A lot of the systems in the USA are set up to help prevent a national divorce caused by disproportionate power accumulating in a few states. The more you eliminate those systems the faster you expedite a national divorce.
If two or three states end up picking the president, you’re going to have a problem where some geographical regions have disproportionate choice over who runs the country.
Moving away from the electoral college to something like STAR/approval voting would move us away from geographically weighted votes, which means that no such thing would happen. All voters would have equal representation.
Instead we currently have a system where a disproportionate amount of power is given to a select few states with fewer people. Tyranny of the minority is not acceptable. All votes should be equal.
So would you abolish the senate as well, with its 2 seats per state to ensure that each state is represented equally?
If you're going to have a few regions basically having total dominion over who controls the country, why would the other state want to remain in such a union? The reason for the way things are set up is that different regions in the US had to be convinced to join the union in the first place. The farmers were concerned that the cities would have all the power. Start stripping away stuff intended to prevent a couple geographical areas from totally dominating the discussion and you will end up getting a couple geographical areas from totally dominating the discussion. That might work for a bit, but you could very well see it eventually causes a revolt and the end of the union since there's no point being involved with a thing like that.
The President is not the representative of the 10 largest cities in America, they're a representative of all of America. With the current system, a presidential candidate needs to convince people from all around the country that they're the person to be president.

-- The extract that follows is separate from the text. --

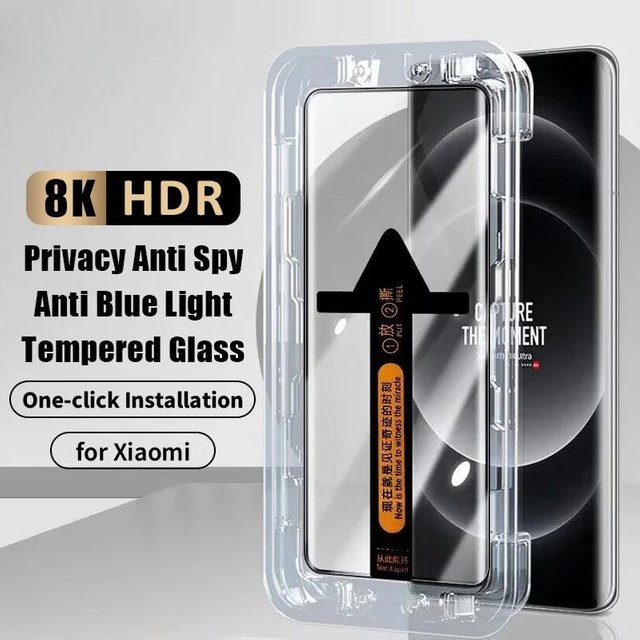 Sichtschutz-Displayschutz für Xiaomi Poco M6 Pro 5G M5 M4 M3 M2 X6 X5 X4 X3 NFC F6 F5 F4 Mi 11 Lite 13T 12T 11T in Transparent - Bild 1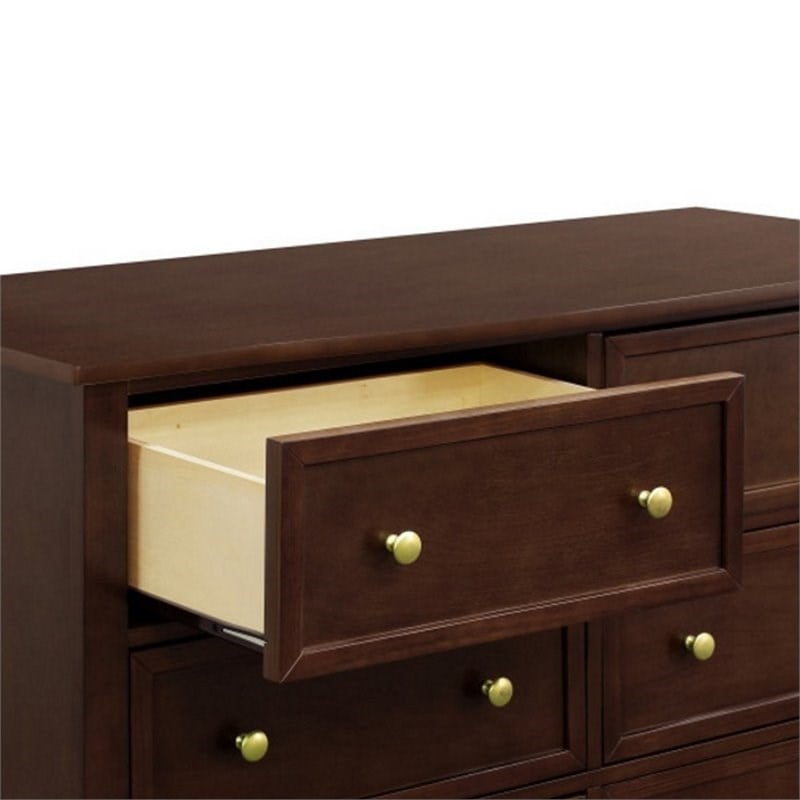 4-in-1 Convertible Classic Crib and Dresser Set with Changing Tray in Espresso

With a pure equal voting system, presidential candidates would never spend any time at all in most states, and wouldn't have anything in their campaign to help most states.

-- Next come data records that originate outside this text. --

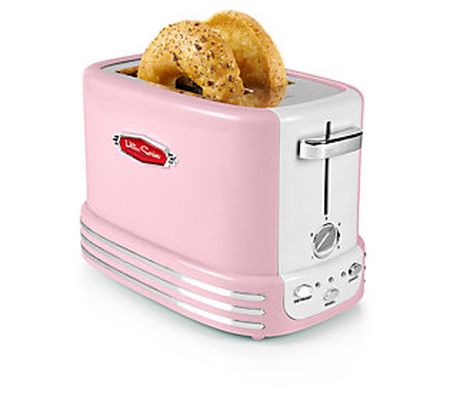 Nostalgia Retro 2-Slice Bagel Toaster Pink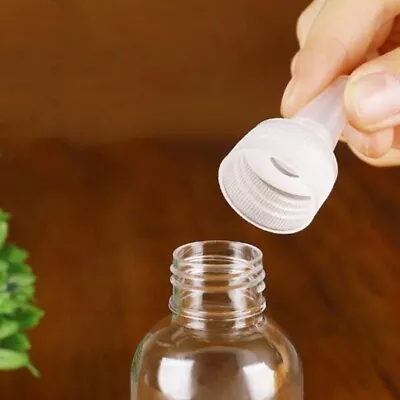 £7.76 • Buy 10pcs Plastic Nozzle Dropper Caps Spout Clear 100ml Twist Top Empty Bottles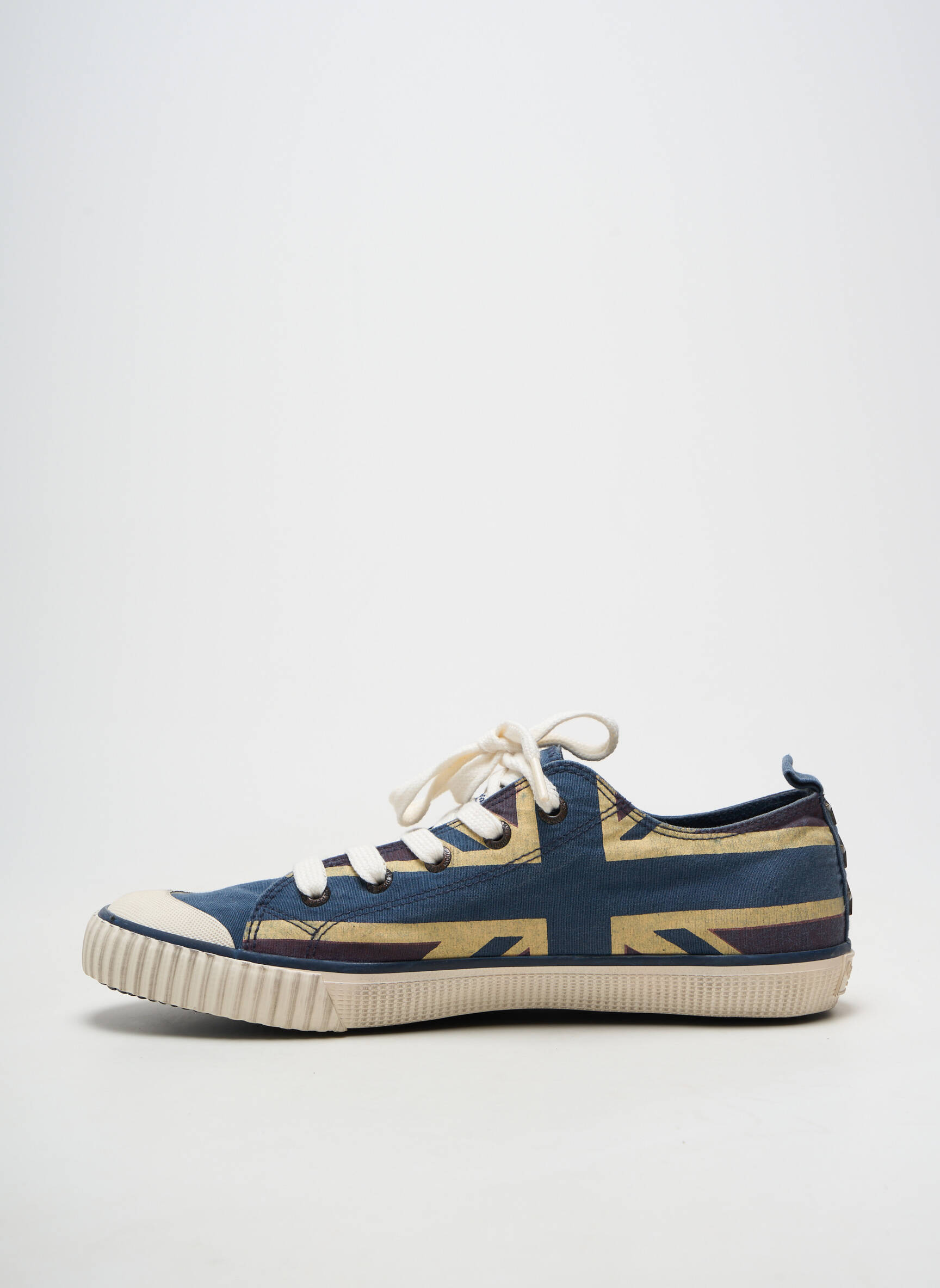 Adidași vârf rotund vârf rotund albastru PEPE JEANS bărbat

All Republicans have to do is propose policies that actually appeal to the masses and they too can win democratically rather than through gerrymandering and electoral shenanigans
Combined those might round up to 4% of the population of the United States. Explain again how they'll control the outcome of a popular election?
Implicit in your argument is the self-evidently fair notion that the country should not be controlled by a minority ... except that is precisely what the Electoral College allows and what the popular vote makes impossible. Under the EC, the president is effectively decided only by voters in a dozen or so swing states (which exact states are in play varies by year but the number is pretty consistent). Candidates literally don't even campaign for votes in the other ~38 states, just sometimes making brief fundraising stops.
The founding fathers cobbled together a stop-gap system that placated the oh-so-varied interests of different groups of privileged white men. It wasn't fair then and it has no moral justification in the present day. It's an affront to the basic principles of self-government now that we've expanded "self" to finally mean all Americans.
So then you agree that it is a terrible idea for our votes to be weighted based on where people live, so that we can avoid things like individual cities swaying the vote?
I think so too. Everybody's vote should be equal, which is why we should have a popular vote instead of the electoral collage.
Should senators not be elected by the popular vote of each state? Should states develop their own state electoral colleges that give votes based on the proportional population of each county?
Let's explore limits. Given 50 states, two of which have population of 165,999,976 people each, and rest 48 states have population of 1, such country with Electoral College will be dictatorship of 26 people.